§ **Goal of the exercise**: A stretch of the entries below is to be set down exactly, running from the line with "Sheer Ruffle Top - Black" through the line with "An experienced housekeeper", both included, and no other line.

(Short text fragments from websites)
----

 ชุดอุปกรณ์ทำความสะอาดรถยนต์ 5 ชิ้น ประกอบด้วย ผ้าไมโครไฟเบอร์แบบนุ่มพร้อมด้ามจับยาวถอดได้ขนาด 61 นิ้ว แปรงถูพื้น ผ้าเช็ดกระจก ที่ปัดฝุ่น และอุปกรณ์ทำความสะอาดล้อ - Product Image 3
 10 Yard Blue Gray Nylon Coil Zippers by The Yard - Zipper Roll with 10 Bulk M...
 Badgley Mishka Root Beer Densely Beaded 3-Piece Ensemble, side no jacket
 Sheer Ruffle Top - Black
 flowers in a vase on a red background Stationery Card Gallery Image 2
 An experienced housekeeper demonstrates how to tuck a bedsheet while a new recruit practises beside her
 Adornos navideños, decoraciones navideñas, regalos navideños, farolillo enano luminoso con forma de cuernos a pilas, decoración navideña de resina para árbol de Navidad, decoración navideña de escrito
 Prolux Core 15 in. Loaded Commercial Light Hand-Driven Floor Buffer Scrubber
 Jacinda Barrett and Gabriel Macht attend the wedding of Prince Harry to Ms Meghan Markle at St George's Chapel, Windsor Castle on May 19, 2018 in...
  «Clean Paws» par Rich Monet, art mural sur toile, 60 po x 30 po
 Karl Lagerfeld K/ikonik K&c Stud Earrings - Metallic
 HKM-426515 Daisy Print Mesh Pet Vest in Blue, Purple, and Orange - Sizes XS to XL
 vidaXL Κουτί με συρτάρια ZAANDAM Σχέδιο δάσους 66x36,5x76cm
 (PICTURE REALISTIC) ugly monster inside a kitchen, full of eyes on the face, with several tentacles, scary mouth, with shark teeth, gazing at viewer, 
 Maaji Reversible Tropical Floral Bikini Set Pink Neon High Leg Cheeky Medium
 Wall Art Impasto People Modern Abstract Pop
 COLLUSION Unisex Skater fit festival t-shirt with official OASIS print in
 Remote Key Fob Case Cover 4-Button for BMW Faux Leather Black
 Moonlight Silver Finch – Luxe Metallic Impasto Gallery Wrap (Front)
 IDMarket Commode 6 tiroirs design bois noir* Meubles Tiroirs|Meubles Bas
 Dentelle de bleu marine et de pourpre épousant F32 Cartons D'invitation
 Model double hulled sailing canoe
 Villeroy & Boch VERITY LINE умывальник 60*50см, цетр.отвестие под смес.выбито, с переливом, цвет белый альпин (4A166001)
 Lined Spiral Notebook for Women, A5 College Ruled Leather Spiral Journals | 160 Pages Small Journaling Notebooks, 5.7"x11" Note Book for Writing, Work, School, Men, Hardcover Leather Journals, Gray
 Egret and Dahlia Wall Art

----

§ **Answer box**:
 Sheer Ruffle Top - Black
 flowers in a vase on a red background Stationery Card Gallery Image 2
 An experienced housekeeper demonstrates how to tuck a bedsheet while a new recruit practises beside her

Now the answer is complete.